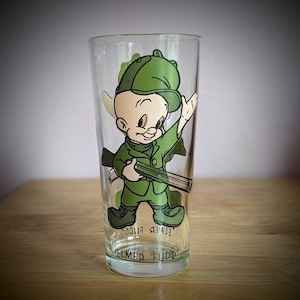 Pepsi Collectors Series 1973 Warner Bros. Elmer Fudd dressed in Green Hunting Outfit and Hat and Holding Hunting Rifle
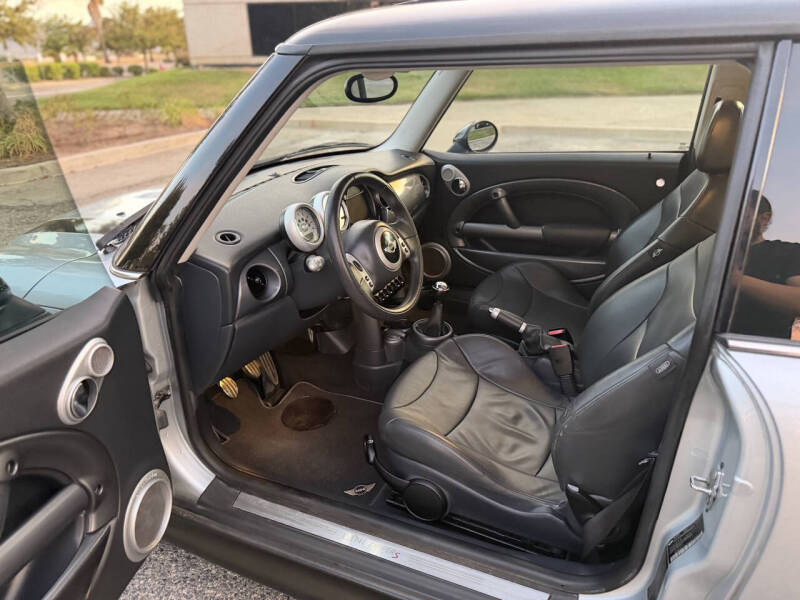 2004 MINI Cooper S
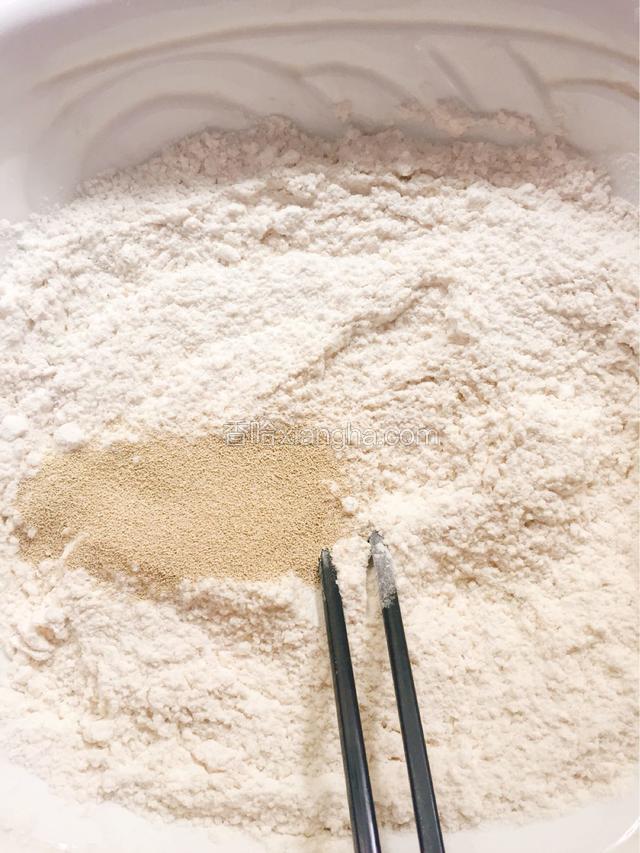 再加发酵粉搅拌均匀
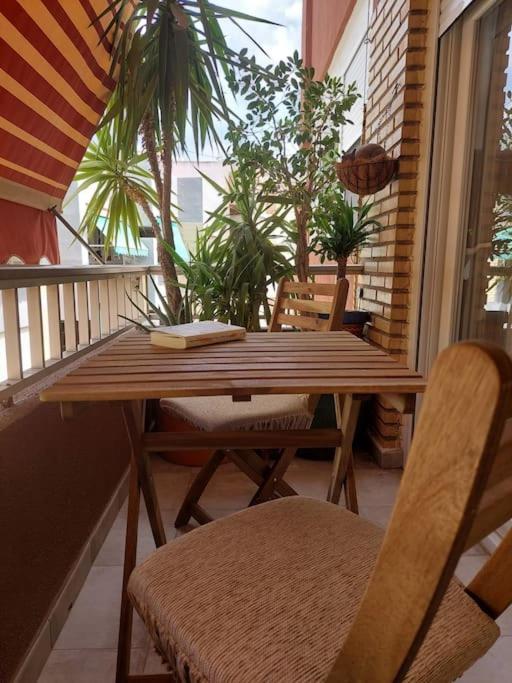Family Apartment Andrea Алакас Екстериор снимка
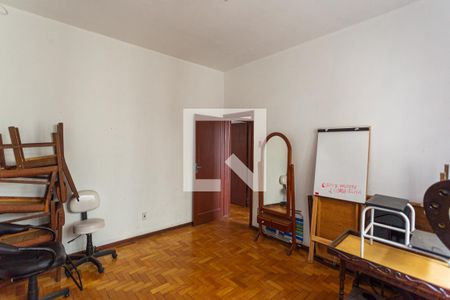 Semi-Suíte 1 de casa para alugar com 4 quartos, 250m² em Floresta, Belo Horizonte
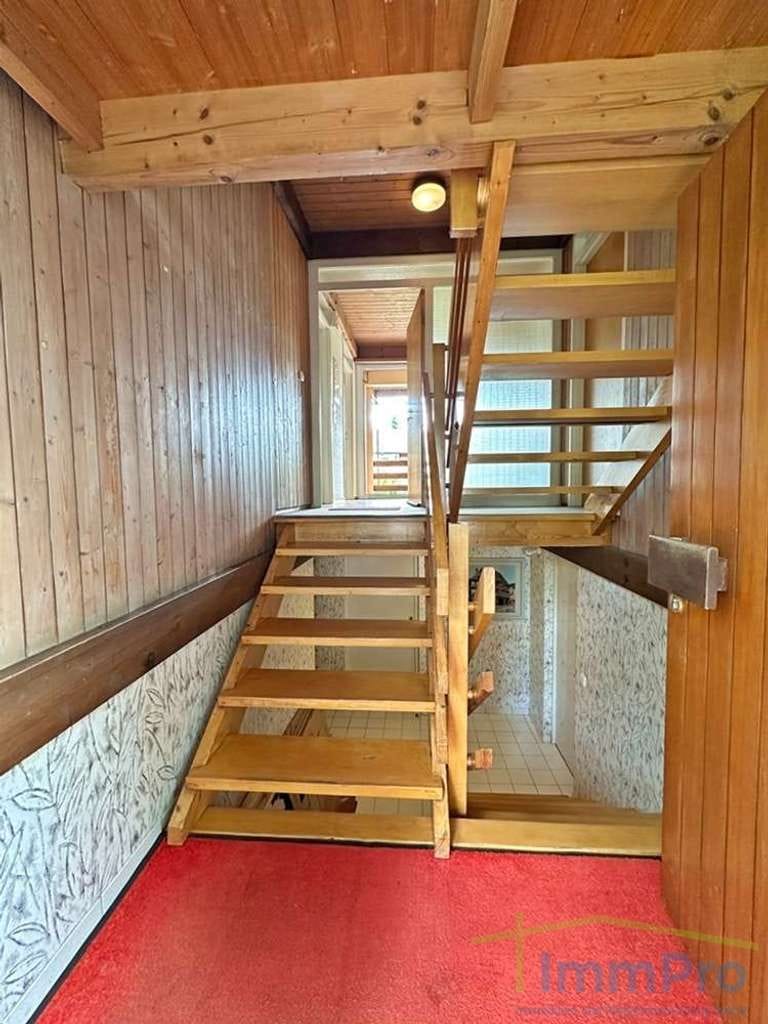 Immobilie in Ammerbuch - Einziehen, weiterentwickeln, profitieren – Zweifamilienhaus in begehrter Ortsrandlage - Bild 1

══════════════════════════════

■ **EXERCISE**:
Output only the lines from the one that contains "Family Apartment Andrea" to the end of the entries above, both end lines included, and drop the pictures.

■ **TASK RESPONSE**:
Family Apartment Andrea Алакас Екстериор снимка
 Semi-Suíte 1 de casa para alugar com 4 quartos, 250m² em Floresta, Belo Horizonte
 Immobilie in Ammerbuch - Einziehen, weiterentwickeln, profitieren – Zweifamilienhaus in begehrter Ortsrandlage - Bild 1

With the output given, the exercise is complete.